Country Corner
by Steve Fairchild
Afflicted by the meme
As herd animals, we approach the cliff together
At least two Audrain County farmers tell me this column sends them to the dictionary. And, writing experts tell me that is a sin for columnists. So, to begin, a definition is in order. A meme is an idea, concept or belief that is transmitted verbally or by repeated action. The word’s origins came from scientists and science writers trying to describe self-replicating or learned human behavior. Meme (rhymes with gene) was coined as a way to explain human behavior as a sort of cultural genetics. We learn to do certain things in certain circumstances by watching what others do. Like genetics, there is a selection process by which some of our behaviors win out over others.
Blaming high food costs on farmers comes to mind. Asking someone else to worry about our financial missteps does, too. In fact, riding an economy over the cliff is probably one of the most time-honored memes of modern history. We’ve learned to speculate to the brink, and then just a little further.
In the mid-1800s, Charles Mackay, a Scot author, wrote a book about the Dutch tulip mania of a couple hundred years earlier. According to Mackay, during this tulip market run up, one tulip bulb fetched payment of 12 acres of land. Then, of course, the bubble popped, and the regional economy was wrecked. These days, economists bicker over Mackay’s accuracy in calling that tulip market a bubble. Regardless of his economic acumen, however, he got at least one thing right, “Men, it has been well said, think in herds; it will be seen that they go mad in herds, while they only recover their senses slowly, and one by one!” wrote Mackay.
That’s a quote for the information age. We should remember it when the world begins to ignore the fundamental reasons of any phenomena. Those high food prices of last summer didn’t come round because of biofuel. They were a result of fundamentals in the energy market and good old unpredictable weather. Yet, the meme blackened the whole food chain as corrupted by greed for petro dollars.
Global warming—no, sorry, global climate change—is something of such an epoch time scale and complex fundamentals that we don’t really understand it. And yet, forests are being felled to produce the reams of paper we’ll need to codify carbon emissions. Activism bubble, anyone?
Right now we join in a mob to throw rocks at bankers, legislators and anyone else that might have something to do with casting half of our savings to the wind. It’s a learned behavior, a meme. We did it last crash, too, and during the one before that. I bet a few Dutchmen with a worthless pile of once-precious bulbs wanted the tulip barons to hang. The memes of the day truly are cultural genetics. We can’t help ourselves. But, like some genetic dead ends, memes aren’t always helpful in the long run. Sometimes they’re useless cultural tonsils. In our information-saturated world, the media play a part in this.
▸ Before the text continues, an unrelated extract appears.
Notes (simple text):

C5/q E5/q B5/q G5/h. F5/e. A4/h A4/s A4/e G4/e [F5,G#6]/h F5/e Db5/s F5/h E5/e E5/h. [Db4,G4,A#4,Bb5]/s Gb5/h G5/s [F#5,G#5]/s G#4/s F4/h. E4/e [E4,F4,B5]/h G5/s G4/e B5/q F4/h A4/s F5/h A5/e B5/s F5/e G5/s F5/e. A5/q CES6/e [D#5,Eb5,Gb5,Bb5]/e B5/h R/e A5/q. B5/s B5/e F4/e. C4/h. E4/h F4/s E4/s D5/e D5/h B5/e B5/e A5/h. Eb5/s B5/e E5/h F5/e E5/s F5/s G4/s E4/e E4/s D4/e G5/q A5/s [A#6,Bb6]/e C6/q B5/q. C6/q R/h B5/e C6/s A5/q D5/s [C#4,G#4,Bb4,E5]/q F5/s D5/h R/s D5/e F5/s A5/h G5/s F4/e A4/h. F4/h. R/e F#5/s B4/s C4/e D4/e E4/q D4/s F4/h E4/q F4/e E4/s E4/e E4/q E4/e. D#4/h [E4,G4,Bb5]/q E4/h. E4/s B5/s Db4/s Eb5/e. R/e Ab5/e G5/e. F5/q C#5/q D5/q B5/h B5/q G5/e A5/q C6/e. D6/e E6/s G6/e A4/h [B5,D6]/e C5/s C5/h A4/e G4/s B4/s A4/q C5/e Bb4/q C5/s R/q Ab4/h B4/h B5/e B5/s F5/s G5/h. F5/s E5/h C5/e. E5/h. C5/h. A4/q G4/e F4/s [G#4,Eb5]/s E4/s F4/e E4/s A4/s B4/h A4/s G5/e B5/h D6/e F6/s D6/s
The 24/7 news cycle, that incubus on our shoulder, whispers in our ear, “Times are bad,” and we listen. Then we join the herd speeding toward the cliff. Fundamentals and reason be damned.
I’ve read several articles lately in which the author believes, but can’t prove, that the new depths to which media is penetrating our lives deepens a recession and slows recovery. One even said we should plan stimuli measures secretly so the public won’t hear news about how bad things are or how much help they might get. That approach, by the way, is born of the same folly that willfully ignores or purposefully toys with the facts of a situation in order to steer public perception. Remember, it was greedy farmers who were to blame for higher food prices.
Meanwhile, we can hope for change in the fundamentals of markets, biology or physics, but they grind on unaffected by the spawning meme. They are, after all, fundamentals. We should remember these same fundamentals are the underpinning for prosperity as much as the doldrums we drift in now.
That’s why my favorite meme is that palpable and unabashed optimism farmers have learned to carry with them to spring. It honors the most basic fundamentals. The idea may get abused later in the season, but every year begins the same. Seeds will emerge. Suckling animals will grow. What a tonic this attitude is compared to what they’re peddling on the news.